QNX: process vanishes without further traces ...

After working with QNX4 for more than 10 years, I am actually expieriencing a really wierd problem:

A certain process (nothing complicated, just a server that answers some questions, no hardware I/O) simply diappears after a few day running, without leaving any dumps or traceinfos. If this process ist started in a ‘while’ loop of a shell script, the shell disappears as well. The server has some modems attached, where some BMS dial in and is attached to a network with a slinger and phrelay as interface.

We changed the hardware already, so this is probably no hardware related problem. Unfortunately this happen only in a customer’s site and not in the lab :frowning:

The only remarkable thing: the PID, that are uses for the new processes switch from 32xxx
to the low numbers just before this magic crash happens.

Any ideas?

BTW: we’re using QNX4.25, ‘N’-Kernel.

maybe the “parent” of your process died and signalled the child to die. try to run it with “nohup”?

Most likely not: it’s just a shell executing a command like this

while test 1 ; do MyProg; (echo "Restart " $(date)>> /tmp/logfile); done

which works perfectly, when ‘MyProg’ is slayed with any signal.

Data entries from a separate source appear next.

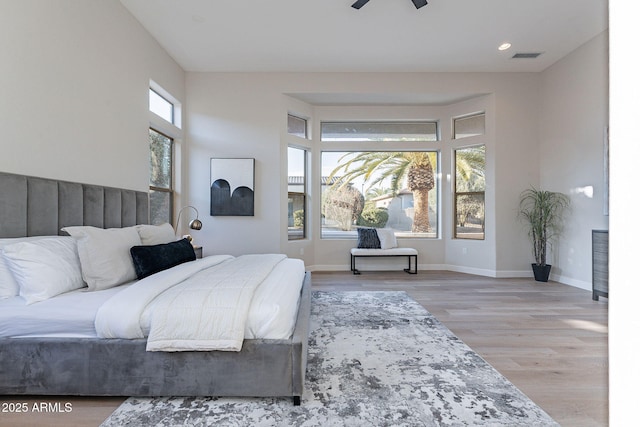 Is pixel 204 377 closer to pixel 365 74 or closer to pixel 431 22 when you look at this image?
pixel 431 22

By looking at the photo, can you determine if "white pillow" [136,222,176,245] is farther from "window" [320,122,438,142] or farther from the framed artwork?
"window" [320,122,438,142]

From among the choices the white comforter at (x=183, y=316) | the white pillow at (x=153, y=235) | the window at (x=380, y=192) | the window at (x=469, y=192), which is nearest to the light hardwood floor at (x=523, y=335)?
the white comforter at (x=183, y=316)

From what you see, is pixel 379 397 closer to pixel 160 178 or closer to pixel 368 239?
pixel 368 239

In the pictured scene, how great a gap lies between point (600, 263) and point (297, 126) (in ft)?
15.7

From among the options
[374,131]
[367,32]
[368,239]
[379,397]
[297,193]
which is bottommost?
[379,397]

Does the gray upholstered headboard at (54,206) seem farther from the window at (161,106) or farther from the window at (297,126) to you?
the window at (297,126)

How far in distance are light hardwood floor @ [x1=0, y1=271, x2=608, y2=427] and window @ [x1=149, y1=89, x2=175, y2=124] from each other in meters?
3.39

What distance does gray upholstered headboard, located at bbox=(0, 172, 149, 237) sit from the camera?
2.22 meters

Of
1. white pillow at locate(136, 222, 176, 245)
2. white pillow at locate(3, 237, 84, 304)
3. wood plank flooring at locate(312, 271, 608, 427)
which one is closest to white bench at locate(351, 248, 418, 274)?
wood plank flooring at locate(312, 271, 608, 427)

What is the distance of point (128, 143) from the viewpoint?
3797 mm

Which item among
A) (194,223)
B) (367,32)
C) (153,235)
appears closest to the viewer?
(153,235)

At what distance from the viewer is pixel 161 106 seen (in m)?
4.86

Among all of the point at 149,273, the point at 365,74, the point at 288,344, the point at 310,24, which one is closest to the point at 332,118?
the point at 365,74

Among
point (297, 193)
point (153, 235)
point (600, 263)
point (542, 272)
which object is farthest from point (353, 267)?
point (153, 235) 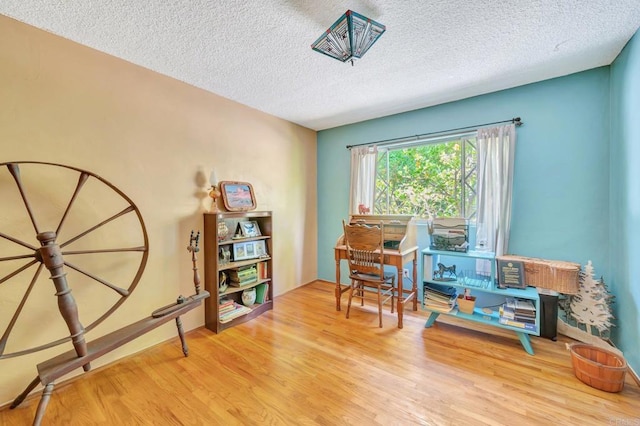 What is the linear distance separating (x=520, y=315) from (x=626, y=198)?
1.22 meters

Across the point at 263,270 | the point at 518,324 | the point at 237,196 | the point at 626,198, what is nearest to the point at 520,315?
the point at 518,324

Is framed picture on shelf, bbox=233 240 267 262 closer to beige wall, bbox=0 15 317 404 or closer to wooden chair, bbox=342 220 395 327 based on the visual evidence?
beige wall, bbox=0 15 317 404

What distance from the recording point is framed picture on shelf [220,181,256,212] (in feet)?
9.36

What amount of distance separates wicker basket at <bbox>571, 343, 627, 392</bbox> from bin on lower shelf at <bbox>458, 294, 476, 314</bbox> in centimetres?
71

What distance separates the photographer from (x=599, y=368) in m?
1.73

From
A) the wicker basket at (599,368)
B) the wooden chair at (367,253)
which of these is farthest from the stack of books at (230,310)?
the wicker basket at (599,368)

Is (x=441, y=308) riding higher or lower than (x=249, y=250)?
lower

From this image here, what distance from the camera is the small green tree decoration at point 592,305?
2.15 meters

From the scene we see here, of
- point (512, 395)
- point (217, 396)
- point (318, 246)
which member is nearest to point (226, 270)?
point (217, 396)

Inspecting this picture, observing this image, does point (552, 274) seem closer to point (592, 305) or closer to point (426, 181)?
point (592, 305)

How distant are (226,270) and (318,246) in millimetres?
1735

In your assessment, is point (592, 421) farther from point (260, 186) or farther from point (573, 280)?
point (260, 186)

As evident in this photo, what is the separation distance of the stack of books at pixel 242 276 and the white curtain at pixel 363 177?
1653 millimetres

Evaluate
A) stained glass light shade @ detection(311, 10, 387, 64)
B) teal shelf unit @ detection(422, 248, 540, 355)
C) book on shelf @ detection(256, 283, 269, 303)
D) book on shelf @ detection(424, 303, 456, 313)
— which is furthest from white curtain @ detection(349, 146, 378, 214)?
stained glass light shade @ detection(311, 10, 387, 64) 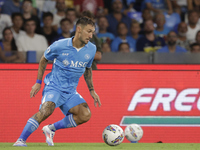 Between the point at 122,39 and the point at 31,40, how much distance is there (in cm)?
227

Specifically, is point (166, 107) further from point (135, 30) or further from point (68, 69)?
point (135, 30)

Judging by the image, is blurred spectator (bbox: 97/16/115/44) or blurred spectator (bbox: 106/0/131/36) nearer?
blurred spectator (bbox: 97/16/115/44)

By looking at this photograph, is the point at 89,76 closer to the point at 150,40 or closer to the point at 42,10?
the point at 150,40

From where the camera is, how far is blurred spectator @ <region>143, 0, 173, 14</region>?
11.6 meters

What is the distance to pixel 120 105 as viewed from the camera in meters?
7.64

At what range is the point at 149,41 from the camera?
977cm

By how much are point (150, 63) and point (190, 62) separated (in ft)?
2.61

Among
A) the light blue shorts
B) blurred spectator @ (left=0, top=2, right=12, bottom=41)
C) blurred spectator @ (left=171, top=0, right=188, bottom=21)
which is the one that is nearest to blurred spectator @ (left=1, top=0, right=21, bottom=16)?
blurred spectator @ (left=0, top=2, right=12, bottom=41)

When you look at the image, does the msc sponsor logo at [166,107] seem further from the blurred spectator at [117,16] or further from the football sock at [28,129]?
the blurred spectator at [117,16]

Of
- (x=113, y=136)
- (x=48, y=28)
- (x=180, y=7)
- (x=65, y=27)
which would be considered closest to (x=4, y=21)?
(x=48, y=28)

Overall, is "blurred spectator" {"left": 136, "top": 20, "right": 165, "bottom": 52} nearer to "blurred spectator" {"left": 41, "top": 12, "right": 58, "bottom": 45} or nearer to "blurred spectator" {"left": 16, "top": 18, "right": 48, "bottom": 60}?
"blurred spectator" {"left": 41, "top": 12, "right": 58, "bottom": 45}

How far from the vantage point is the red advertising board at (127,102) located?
7547 mm

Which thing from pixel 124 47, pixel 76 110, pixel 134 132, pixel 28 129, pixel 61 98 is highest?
pixel 124 47

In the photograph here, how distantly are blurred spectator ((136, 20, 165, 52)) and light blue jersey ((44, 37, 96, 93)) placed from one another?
12.2ft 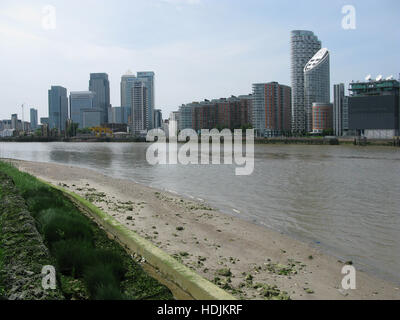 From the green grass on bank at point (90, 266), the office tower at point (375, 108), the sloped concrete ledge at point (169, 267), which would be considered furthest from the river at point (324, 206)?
the office tower at point (375, 108)

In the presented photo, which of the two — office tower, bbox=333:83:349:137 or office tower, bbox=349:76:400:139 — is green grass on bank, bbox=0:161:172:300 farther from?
office tower, bbox=333:83:349:137

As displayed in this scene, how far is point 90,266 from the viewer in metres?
6.59

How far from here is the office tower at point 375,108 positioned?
143 meters

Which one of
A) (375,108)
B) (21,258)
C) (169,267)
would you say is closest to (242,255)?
(169,267)

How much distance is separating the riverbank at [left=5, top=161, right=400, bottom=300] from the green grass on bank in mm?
1593

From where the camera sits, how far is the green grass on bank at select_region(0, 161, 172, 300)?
19.7ft

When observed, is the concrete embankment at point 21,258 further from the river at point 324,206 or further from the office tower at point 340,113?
the office tower at point 340,113

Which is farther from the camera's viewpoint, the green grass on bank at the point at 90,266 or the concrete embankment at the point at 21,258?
the green grass on bank at the point at 90,266

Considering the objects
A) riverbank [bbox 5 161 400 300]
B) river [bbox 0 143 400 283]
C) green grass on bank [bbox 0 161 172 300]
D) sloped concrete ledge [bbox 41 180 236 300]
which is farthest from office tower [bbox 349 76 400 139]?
green grass on bank [bbox 0 161 172 300]

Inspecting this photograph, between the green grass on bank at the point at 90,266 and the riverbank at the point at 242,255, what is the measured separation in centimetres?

But I’ll try to trap all other (unexpected) signals, just to be safe :slight_smile:

Does anybody know, if there’re ‘special effects’ when the kernel
reycles the ‘low’ PIDs?

You can use tracectrl to up the level which is reported - to the point of showing all process creation and death. It is a little verbose, but you might be glean something from that. There is nothing special about the recycling pids. The only pids that “may” be special is pids 1-5. I suspect that really on pid 1 is special.

More than likely something killed your shell. You may be able to add shell commands to increase the verbosity there and even go as far as catching signals in the shell.

That’s what I did already, that’s why I found the coincidence with the ‘low’ PIDs.

I quess, that what I am going to do. The ‘dying process’ is almost the only one, which does’nt have any signal handler installed, nor it doesn’t ignore the SIGHUP. So I hope that will
avoid the process termination.

I still wonder, WHO could send the signals?!?

I find lots of ‘Generate hangup ()’ in the tracelog, every time a hangup on a modem
occurs, what’s normal. And it obviously never has a ‘negative effect’ on other processes.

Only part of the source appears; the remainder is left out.